Cormac mac Cuilennáin (died 13 September 908) was an Irish bishop and was king of Munster from 902 until his death at the Battle of Bellaghmoon. He was killed fighting in Leinster, probably attempting to restore the fortunes of the kings of Munster by reimposing authority over that province.
Cormac was regarded as a saintly figure after his death, and his shrine at Castledermot, County Kildare, was said to be the site of miracles. He was reputed to be a great scholar, being credited with the authorship of the Sanas Cormaic (Cormac's Glossary), and the now-lost Psalter of Cashel, among other works. The reliability of some of the traditions concerning Cormac is doubtful.

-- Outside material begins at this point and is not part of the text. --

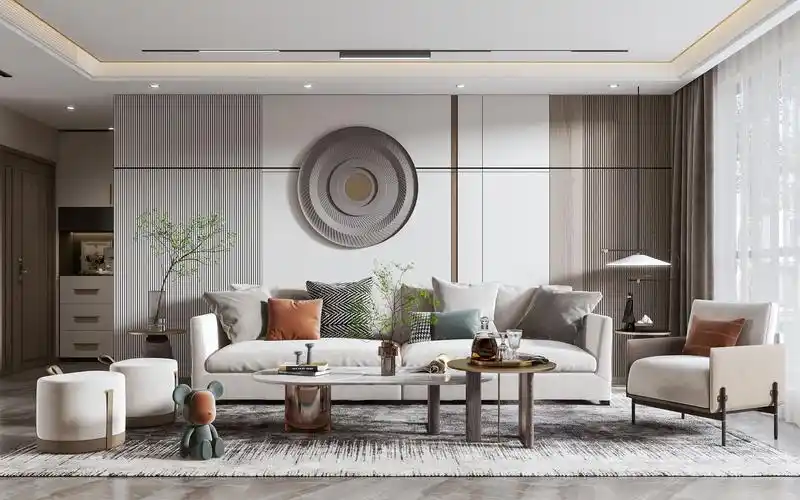 拓者设计吧|室内设计|装修案例|拓者官网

The Ireland of Cormac's time was divided into a small kingdoms, or túatha, perhaps 150 in all, on average around 500 square kilometres in area with a population of some 3000. In theory, but not in practice, each tuath had its own king, bishop and court. Variations in size and power were very considerable. Groups of tuatha were dominated by one of their number, whose king was their collective ruler. Above these stood the four great provincial kingships whose names survive in the provinces of Ireland of today: Connacht, Leinster, Ulster and Cormac's Munster. To these can be added the kings of the northern and southern Uí Néill. These last provided were the High Kings of Ireland, kings whose authority was an increasingly obvious political fact in Ireland of the 8th and 9th centuries. In Cormac's time the High Kingship was held by Flann Sinna of the Clann Cholmáin branch of the southern Uí Néill. In addition to these native Irish kings, Ireland, during the Viking Age, had seen Scandinavian and Norse-Gael kings establish themselves along the coasts. The destruction of Viking settlements on the northern coasts by Flann's predecessor Áed Findliath, followed by a much internal dissension, had weakened the Vikings, who were expelled from Dublin by Flann's allies in the year that Cormac became king in Munster.